Published on: Mar 20, 2019
Canada's Bill Blair, Border Security Minister, has been in discussions with U.S. policymakers about closing a loophole in the border arrangement between the U.S. and Canada, known as the Safe Third Country Agreement.
According to the Safe Third Country Agreement, those seeking asylum are not able to ask for refugee protection in Canada if they enter the country via an official border crossing and have come from a country that is regarded as safe, like the U.S. However, refugees can claim protection when already in Canada. As a result, many thousands of asylum-seekers are entering Canada on foot via unofficial border crossings.
Minister Blair issued a press announcement, stating that discussions had taken place about tackling the problem of refugees presenting themselves at crossings other than official borders. In such cases, they had obviously entered Canada from the U.S. or another safe third country. The Minister continued by saying that disincentives to irregular border crossings may soon be applied.
The first irregular migrants began to enter Canada in early 2017, soon after Donald Trump's announcement on the end of a program offering temporary protection to some migrants. Since then, more than 40,000 asylum seekers have left the U.S bound for Canada without crossing via the official border points where entry would have been denied.
The Minister admitted that people had also crossed irregularly from Canada to the U.S. Therefore, the agreement between the 2 countries is in urgent need of a review and update. While Blair said that ongoing discussions were taking place, he did not elaborate on the finer details. However, he did acknowledge that the current agreement had been effective for over 10 years, but asylum seekers were now exploiting a loophole, enabling irregular border crossings. Therefore, the issue needs urgent attention.
Official documents have come to light (through access to information laws), with an internal 2017 government memo concerning the Safe Third Country Agreement. This revealed that work on updating the agreement had been going on for some time. Ahmed Hussen, the Canada Immigration Minister, was apparently given a briefing paper at the start of 2017 before going into talks with Kristjen Nielsen, the U.S. Secretary of Homeland Security. This paper expressed concern at the rush of irregular asylum seekers and admitted that the agreement was not operating in the manner intended.
Michelle Rempel, a conservative and critic of immigration, has been appealing to those in power for over 12 months about closing the agreement's loophole and putting an end to the queue jumping that is currently taking place within the Canada immigration system. Rempel lays the blame at the Prime Minister's feet for promoting irregular migration through an over-enthusiastic tweet he sent at the start of 2017, welcoming asylum seekers to Canada.

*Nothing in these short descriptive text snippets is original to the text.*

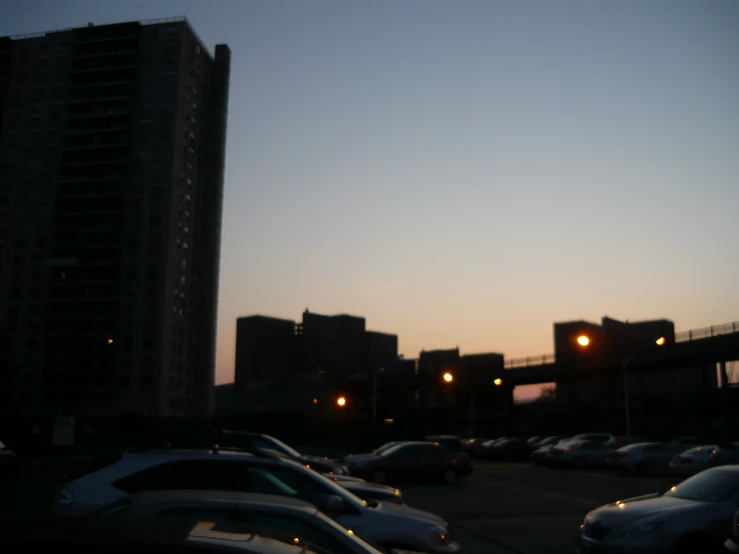 some cars parked in a parking lot in the evening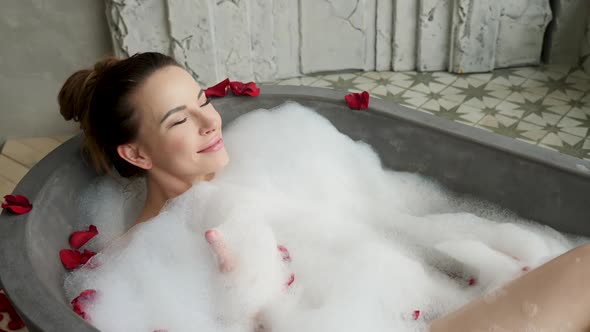 Girl Lies in a Large Stone Bath in Foam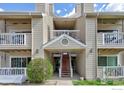 Multi-level condo building featuring private balconies and well-maintained landscaping at 4965 Twin Lakes Rd # 68, Boulder, CO 80301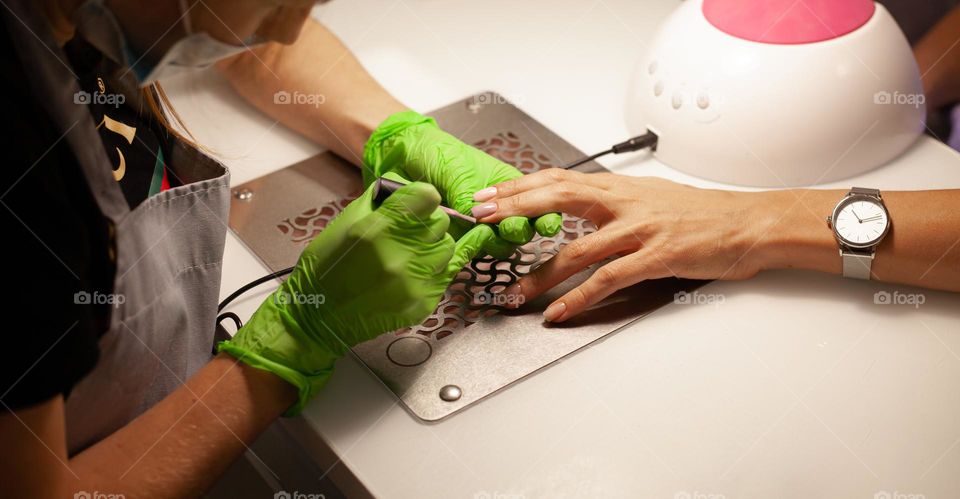 woman doing manicure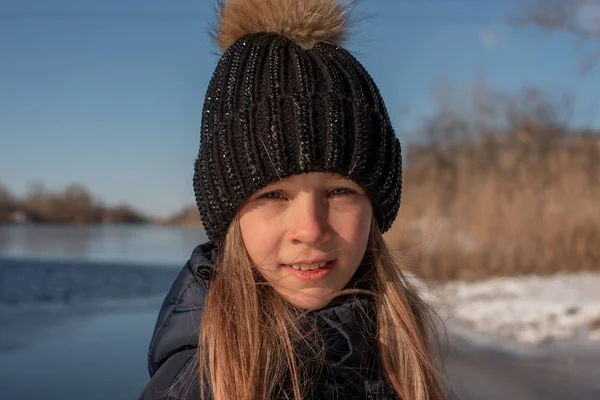 girl on the background of winter lake or river. landscape with frozen lake. winter season. Girl in winter clothes on a background of the river. Girl 9 years old against the background of a small river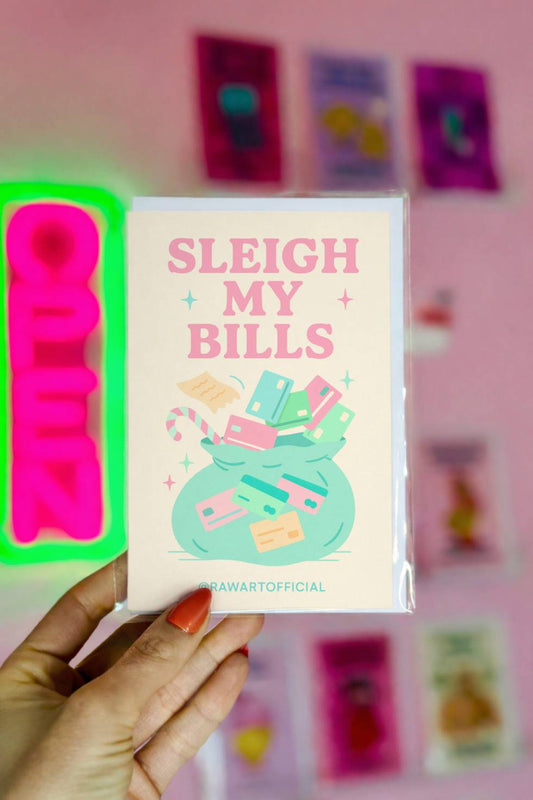 Funny Christmas greeting card with money bag and credit cards and text “Sleigh My Bills.”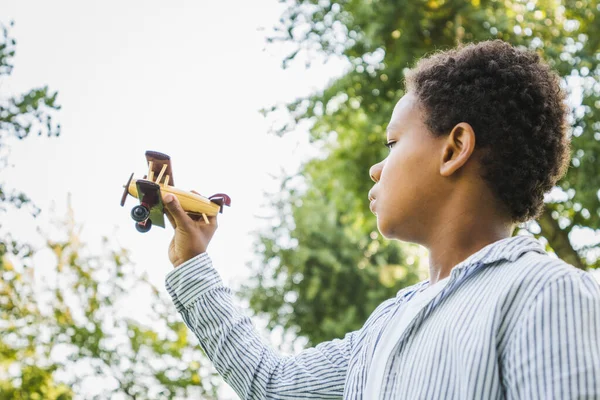 公園で美しい幸せなアフリカ系アメリカ人の家族の絆 屋外で楽しい時間を過ごしている黒人家族 飛行機のおもちゃで遊ぶかわいい若い男の子 — ストック写真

Rempel emphasised the human consequences of a system that allows individuals to come to Canada illegally from the U.S.. These people are taking the places of other endangered individuals across the globe who are waiting to be granted official asylum. It is important to remember that many of these countries do not have Canada visa or Canada ETA agreements in place. Therefore, obtaining a Canada visa or Canada ETA is simply not an option for asylum seekers in terms of travelling from their home countries. Remple went on to add that the country's immigration system should be based on fairness, organisation and compassion and not the current state of chaos produced by irregular migration.
Jenny Kwan of Canada's New Democrats, another critic of immigration, said she wanted to see the complete suspension of the agreement by Canada, believing that the United States was not a secure place for asylum seekers. She referred to a recent ruling by a U.S Attorney General that disallowed asylum seekers from using domestic violence and gang violence as reasons for applying for U.S asylum. In her opinion, this was unacceptable.
Kwan also noted that children had been separated from their families at the borders during 2018 when their parents were detained, with numerous families yet to be reunited. She criticised this as inhumane treatment, breaching international laws on children's rights. She further asserted her view that the agreement should be suspended.
Significant pressure now rests upon the shoulders of Bill Blair who only took up the newly-created role of Border Security Minister last fall. Canadian public feeling on the matter is running high and citizens expect a fair and orderly immigration system. So, everyone is waiting to see how the government will now proceed in terms of the current Safe Third Country Agreement.